**INSTRUCTIONS FOR THE TASK**. From the line containing "Mercedes Klasa G" through the end of the entries, please repeat every line exactly and nothing more; the pictures do not belong in the copy.

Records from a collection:
- Opening Delimiter -

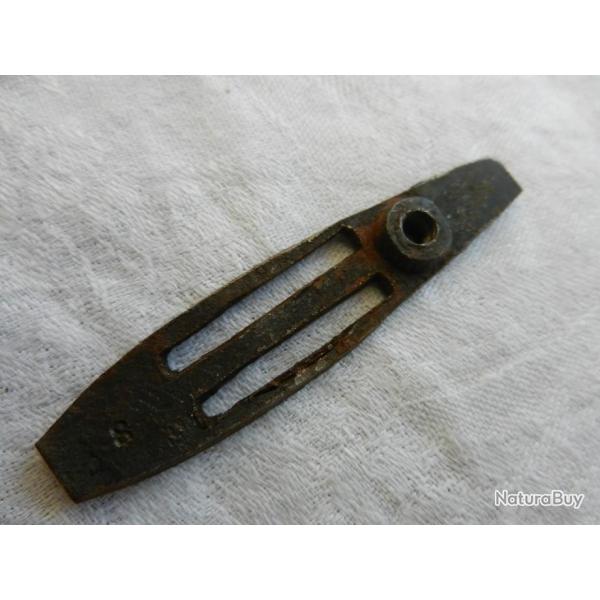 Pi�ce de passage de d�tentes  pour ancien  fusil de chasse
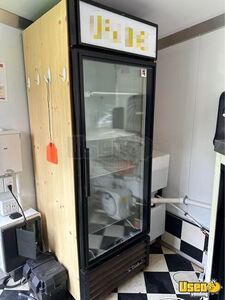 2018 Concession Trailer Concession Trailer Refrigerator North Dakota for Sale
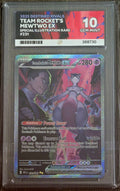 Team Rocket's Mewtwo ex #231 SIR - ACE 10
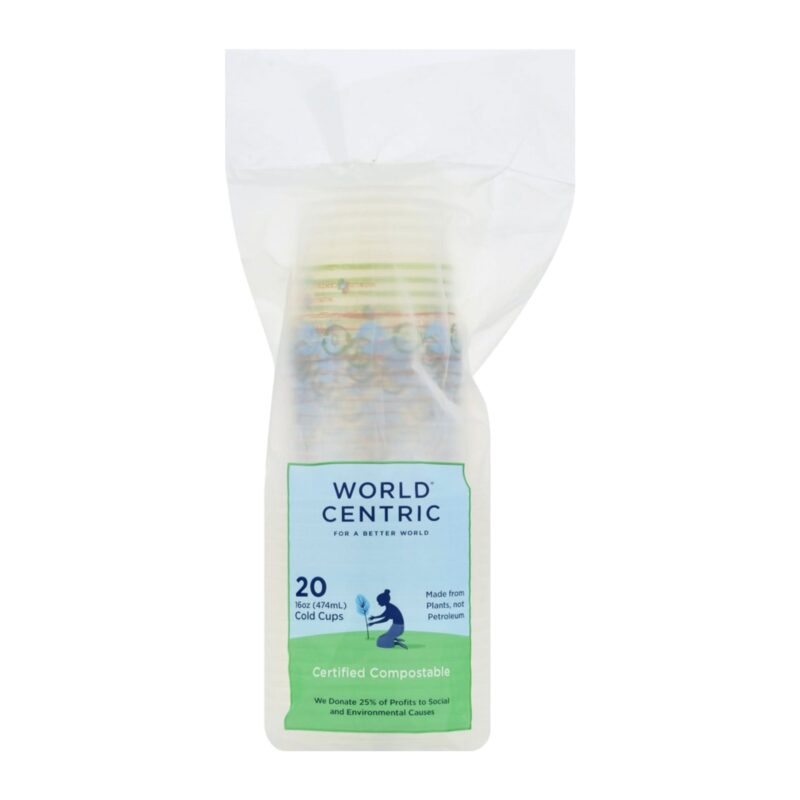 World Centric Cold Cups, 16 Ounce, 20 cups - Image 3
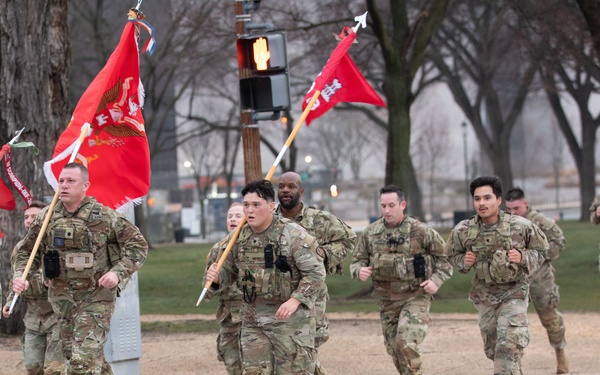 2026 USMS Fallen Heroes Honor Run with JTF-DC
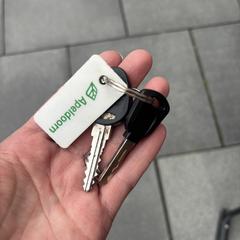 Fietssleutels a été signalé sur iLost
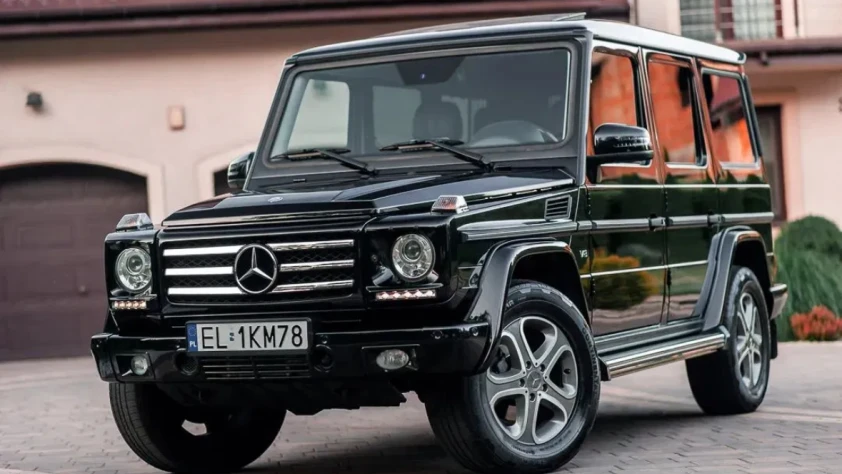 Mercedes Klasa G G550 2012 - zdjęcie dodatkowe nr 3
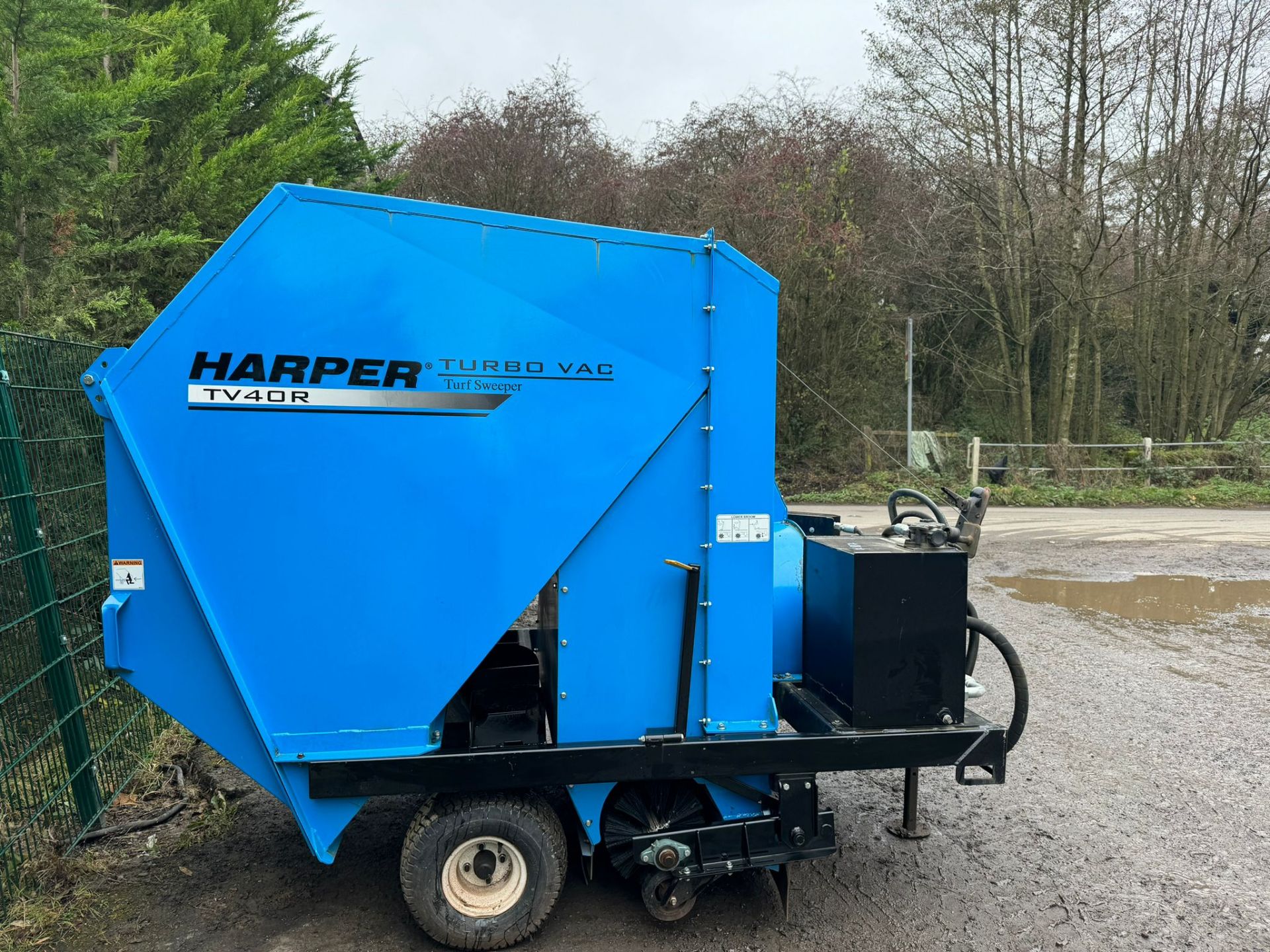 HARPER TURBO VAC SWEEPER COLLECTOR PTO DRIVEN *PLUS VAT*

- Closing Delimiter -

**FINAL ANSWER**.
 Mercedes Klasa G G550 2012 - zdjęcie dodatkowe nr 3
 HARPER TURBO VAC SWEEPER COLLECTOR PTO DRIVEN *PLUS VAT*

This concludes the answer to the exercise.